CHICAGO -- Detroit has postponed until next month the sale of up to $175 million of bonds for its waste incinerator that had been scheduled for this week, because of continuing legal work on the planned sale of the facility to Philip Morris Capital Corp.
Officials are counting on the incinerator's sale to balance the city budget for the last two fiscal years. About $15 million from the $54 million sale would be applied to the fiscal 1990 budget, and $39 million would be used toward the fiscal 1991 budget, which ends June 30. But the sale is contingent on the installation of pollution-control equipment that is to be financed with proceeds from the bond issue.
Bella Marshall, the city's finance director, said the facility sale and bond issue were tied together and that both should happen within "a few weeks."
"Everyone is extraordinarily committed to this transaction," she said. "There is no doubt in my mind that it will go forward."
While Detroit expected to have the sale completed by June 03, Ms. Marshall said the delay in receiving the $54 million would not cause any cash-flow problems for the city.
But officials at the rating agencies expressed concern that even with the cash infusion from the sale, the city would face tough times ahead.
"We believe the city's general fund is under tremendous pressure now with no resources in the budget stabilization fund and general fund," said Art Grisi, a senior vice president at Standard & Poor's Corp., which rates about $230 million of the city's general obligation debt BBB with a negative outlook.
By the end of the current fiscal year, the city will have depleted the remainder of its budget stabilization fund, which last year stood at $76 million.
Even with the use of the rainy-day fund and the incinerator sale proceeds, the city would still end fiscal 1991 with a $10 million to $15 million deficit, according to Paul Devine, a vice president and manager of the Great Lakes Region at Moody Investors Service.
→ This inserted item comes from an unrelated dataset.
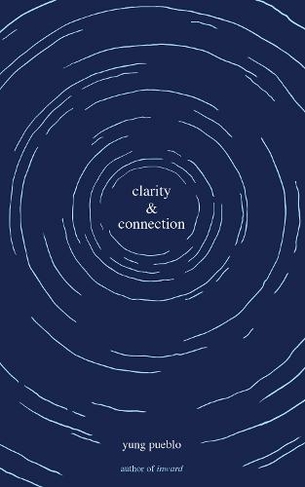 Clarity & Connection: (The Inward Trilogy)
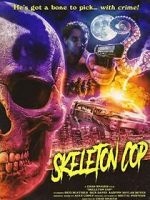 Watch Skeleton Cop (Short 2019) 123MoviesFree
Moody's rates about $246 million of Detroit's GO debt Baa.
Ms. Marshall said temas of lawyers were working on the complicated sale of the Greater Detroit Resource Recovery Authority incinerator. The sale involves numerous contractual agreements that would allow the company to buy the waste incinerator for tax credit purposes, while letting the city and its contractors continue to operate the facility.
Ms. Marshall pointed out the bond sale was key to ensuring the "long-term operation" of the incinerator. Last year, the Michigan Department of Natural Resources briefly closed the facility due to excessive mercury emissions. It also cut its operations by 10% after the plant reopened.
The city plans to issue up to $175 million of pollution control bonds through its Economic Development Corp. The bonds would be backed by the city's GO pledge and its share of distributable state aid.
Ms. Marshall confirmed that $75 million of the bonds would be tax-exempt, reflecting Detroit's share of Michigan's $466 million of allocation under the private-activity cap for the current calendar year.